Galatians 4:8-11 adds:

Formerly, when you did not know God, you were in bondage to beings that by nature are no gods; but now that you have come to know God, or rather to be known by God, how can you turn back again to the weak and beggarly elemental spirits, whose slaves you want to be once more?  You observe days, and months, and seasons, and years!  I am afraid I have labored over you in vain.”

Christianity has no festival as neither Jesus, nor the apostles, nor the New Testament established any. 

Needless to say, Christians are strictly forbidden from participating in festivals dedicated to false gods.  It is an abomination to God.  God in Leviticus 18:3-30 issued this injunction:

After the doings of the land of Egypt, wherein you dwelt, shall you not do: and after the doings of the land of Canaan, where I bring you, shall you not do: neither shall you walk in their ordinances. … Therefore shall you keep Mine ordinance, that you commit not any one of these abominable customs, which were committed before you, and that you defile not yourselves therein: I am the Lord your God.”
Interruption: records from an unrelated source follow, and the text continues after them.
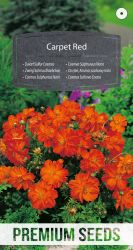 Cosmos Dwarf Sulphur Carpet Red Seeds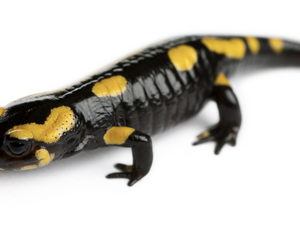 Fire Salamander for Sale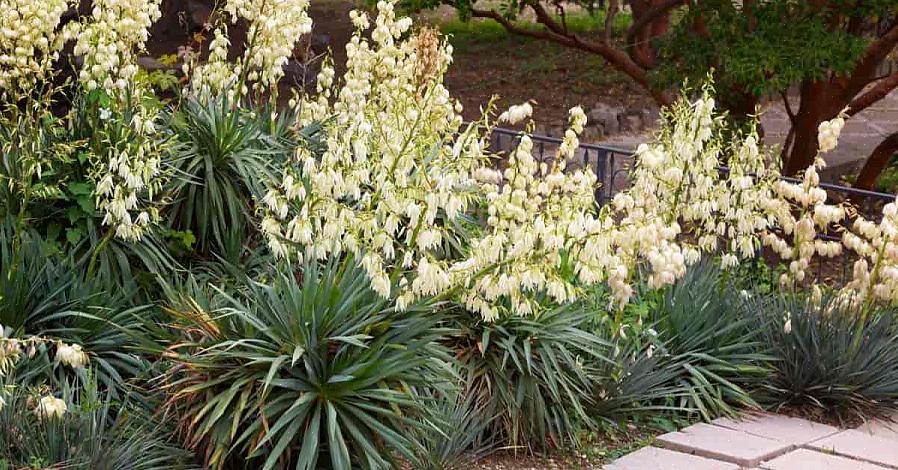 Você pode plantar Yucca filamentosa nas zonas de resistência 5 a 10 do USDA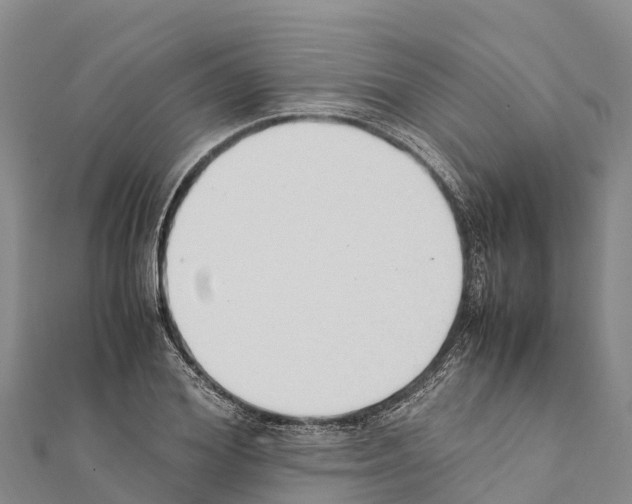 X0000111390980200908211358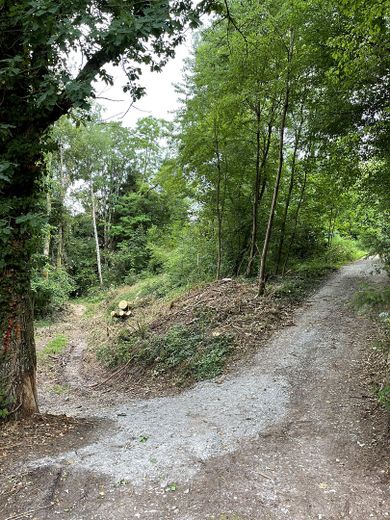 2 lotti edificabili per case in legno canadesi/terreno per casa di fine settimana ad Alfdorf (73553) – Foto 2
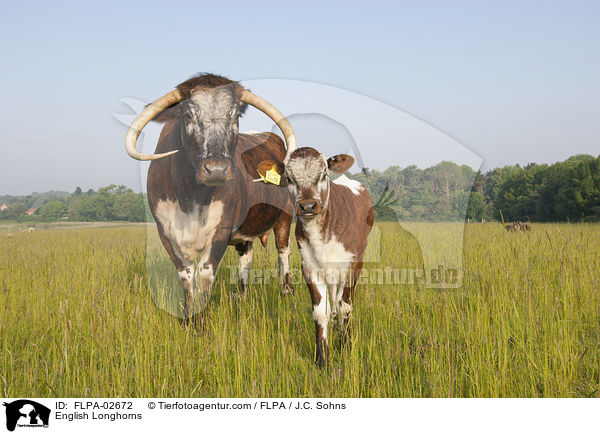 English Longhorns / FLPA-02672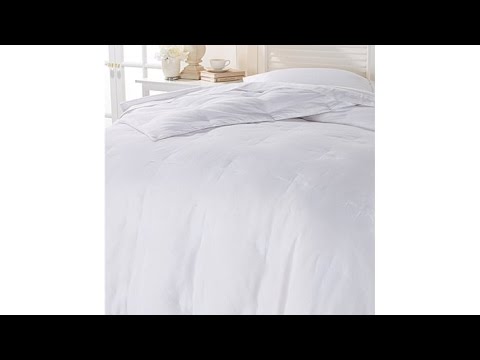 Concierge Collection Down Blend Comforter  Twin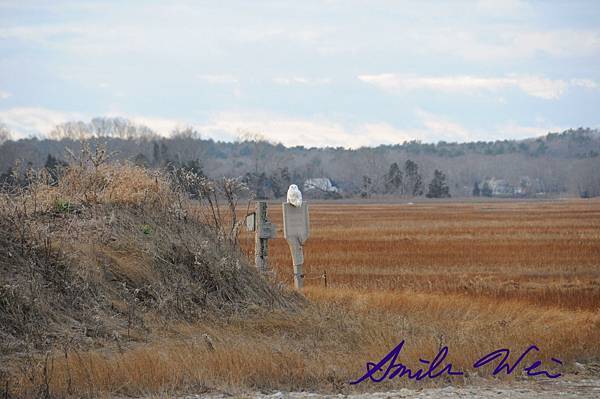 snowy_owl.jpeg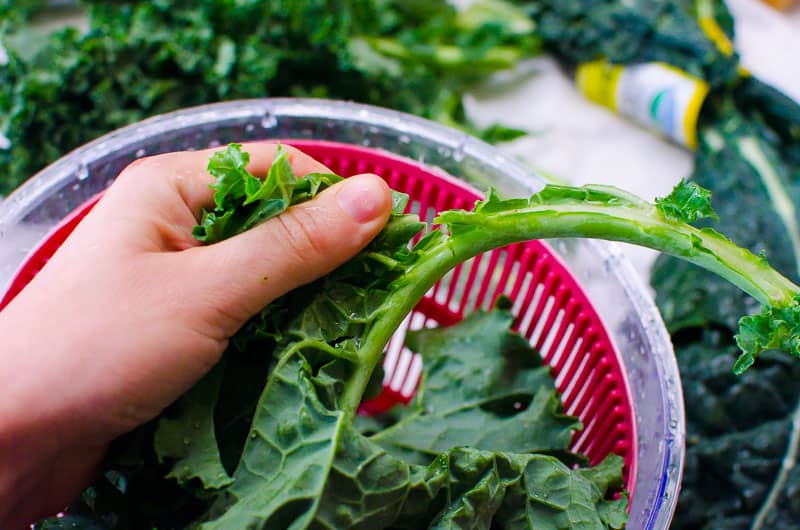 A hand destemming kale.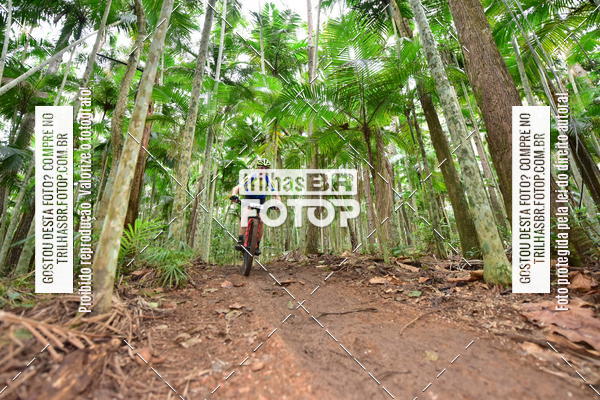 Buy your photos of the eventDesafio 6 horas MTB parque MALWEE on Fotop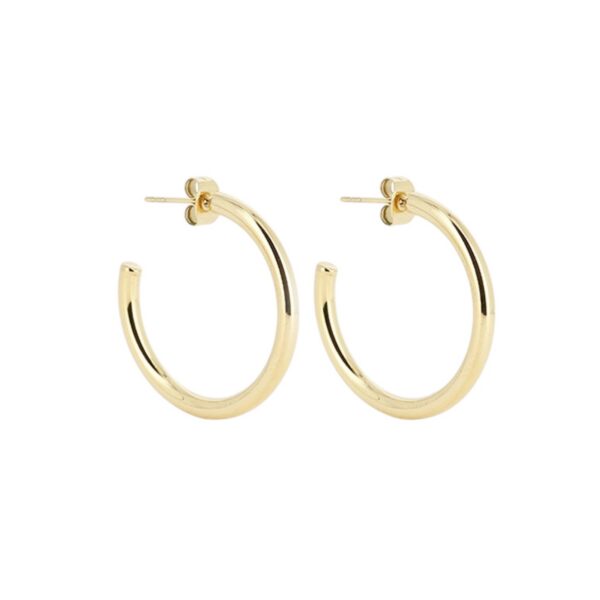 ZAG Earrings SEC21313-01UNI3X40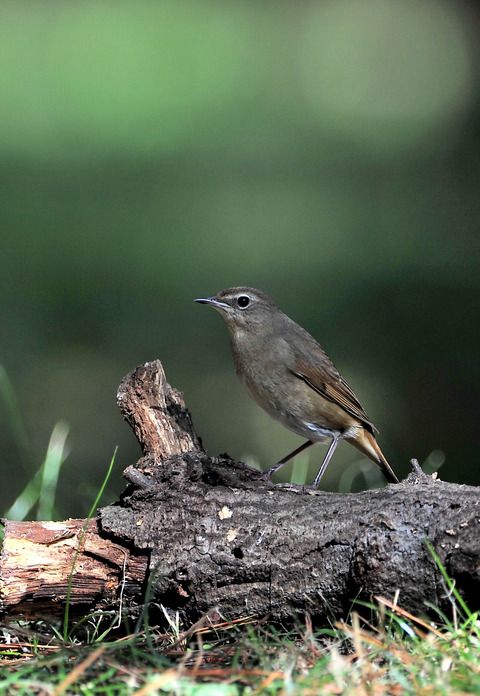 ノゴマ♀3439
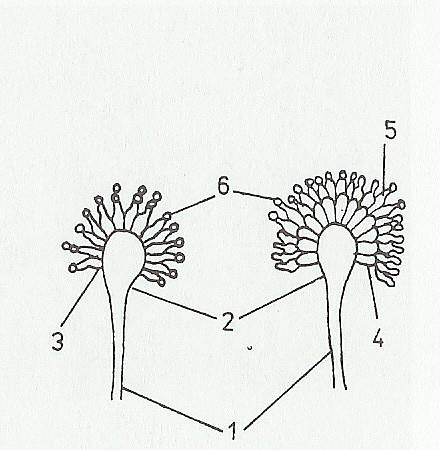 Typy konidioforů - Aspergillus 1 konidiofor 2 vezikula 3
Colossians 2:8 warns against being spoilt by the “tradition of men”.  1 Corinthians 10:18-22 goes to the extent of excluding those who participate in religious feasts of false gods from partaking the Lord’s Supper:

Consider the people of Israel; are not those who eat the sacrifices partners in the altar?  What do I imply then?  That food offered to idols is anything, or that an idol is anything?  No, I imply that what pagans sacrifice they offer to demons and not to God.  I do not want you to be partners with demons.  You cannot drink the cup of the Lord and the cup of demons.  You cannot partake of the table of the Lord and the table of demons.  Shall we provoke the Lord to jealousy?  Are we stronger than he?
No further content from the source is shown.